__The data__
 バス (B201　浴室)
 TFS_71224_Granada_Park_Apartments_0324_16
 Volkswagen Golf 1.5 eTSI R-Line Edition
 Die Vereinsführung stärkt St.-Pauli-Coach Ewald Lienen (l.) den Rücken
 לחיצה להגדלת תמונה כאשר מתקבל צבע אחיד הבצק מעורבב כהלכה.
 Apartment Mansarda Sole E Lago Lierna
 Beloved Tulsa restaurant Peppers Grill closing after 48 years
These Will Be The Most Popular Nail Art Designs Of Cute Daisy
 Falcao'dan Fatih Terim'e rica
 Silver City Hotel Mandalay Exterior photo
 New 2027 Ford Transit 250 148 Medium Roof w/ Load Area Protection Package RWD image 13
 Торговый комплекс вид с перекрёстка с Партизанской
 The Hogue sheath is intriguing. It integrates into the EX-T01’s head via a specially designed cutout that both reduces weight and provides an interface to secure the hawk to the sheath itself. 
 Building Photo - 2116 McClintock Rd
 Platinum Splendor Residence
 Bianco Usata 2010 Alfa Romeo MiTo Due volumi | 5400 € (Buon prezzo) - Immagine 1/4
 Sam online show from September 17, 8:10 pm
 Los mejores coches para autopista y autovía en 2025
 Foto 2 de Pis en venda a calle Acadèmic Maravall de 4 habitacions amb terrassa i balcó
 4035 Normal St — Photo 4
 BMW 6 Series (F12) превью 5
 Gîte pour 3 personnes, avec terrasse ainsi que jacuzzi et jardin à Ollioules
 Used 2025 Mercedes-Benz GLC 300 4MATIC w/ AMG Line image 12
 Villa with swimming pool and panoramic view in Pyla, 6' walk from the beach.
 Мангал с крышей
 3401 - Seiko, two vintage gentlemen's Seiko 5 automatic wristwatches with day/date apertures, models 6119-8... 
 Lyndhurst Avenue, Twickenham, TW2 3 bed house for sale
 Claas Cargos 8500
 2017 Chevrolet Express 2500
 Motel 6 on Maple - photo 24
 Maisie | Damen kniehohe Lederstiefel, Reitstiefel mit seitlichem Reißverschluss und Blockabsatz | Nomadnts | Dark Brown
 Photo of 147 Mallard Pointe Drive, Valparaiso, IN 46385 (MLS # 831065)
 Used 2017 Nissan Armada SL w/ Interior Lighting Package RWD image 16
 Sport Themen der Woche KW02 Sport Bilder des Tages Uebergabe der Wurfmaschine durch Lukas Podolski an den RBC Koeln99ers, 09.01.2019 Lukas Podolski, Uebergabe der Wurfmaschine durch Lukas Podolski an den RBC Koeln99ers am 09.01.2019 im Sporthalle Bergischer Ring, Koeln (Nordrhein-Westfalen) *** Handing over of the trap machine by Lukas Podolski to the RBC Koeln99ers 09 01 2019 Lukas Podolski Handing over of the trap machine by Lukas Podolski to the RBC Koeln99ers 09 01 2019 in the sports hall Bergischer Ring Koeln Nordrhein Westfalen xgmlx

__Task to carry out__
Through the line that holds "Торговый комплекс вид", repeat the material above exactly, starting at its first line.

__Result__
 バス (B201　浴室)
 TFS_71224_Granada_Park_Apartments_0324_16
 Volkswagen Golf 1.5 eTSI R-Line Edition
 Die Vereinsführung stärkt St.-Pauli-Coach Ewald Lienen (l.) den Rücken
 לחיצה להגדלת תמונה כאשר מתקבל צבע אחיד הבצק מעורבב כהלכה.
 Apartment Mansarda Sole E Lago Lierna
 Beloved Tulsa restaurant Peppers Grill closing after 48 years
These Will Be The Most Popular Nail Art Designs Of Cute Daisy
 Falcao'dan Fatih Terim'e rica
 Silver City Hotel Mandalay Exterior photo
 New 2027 Ford Transit 250 148 Medium Roof w/ Load Area Protection Package RWD image 13
 Торговый комплекс вид с перекрёстка с Партизанской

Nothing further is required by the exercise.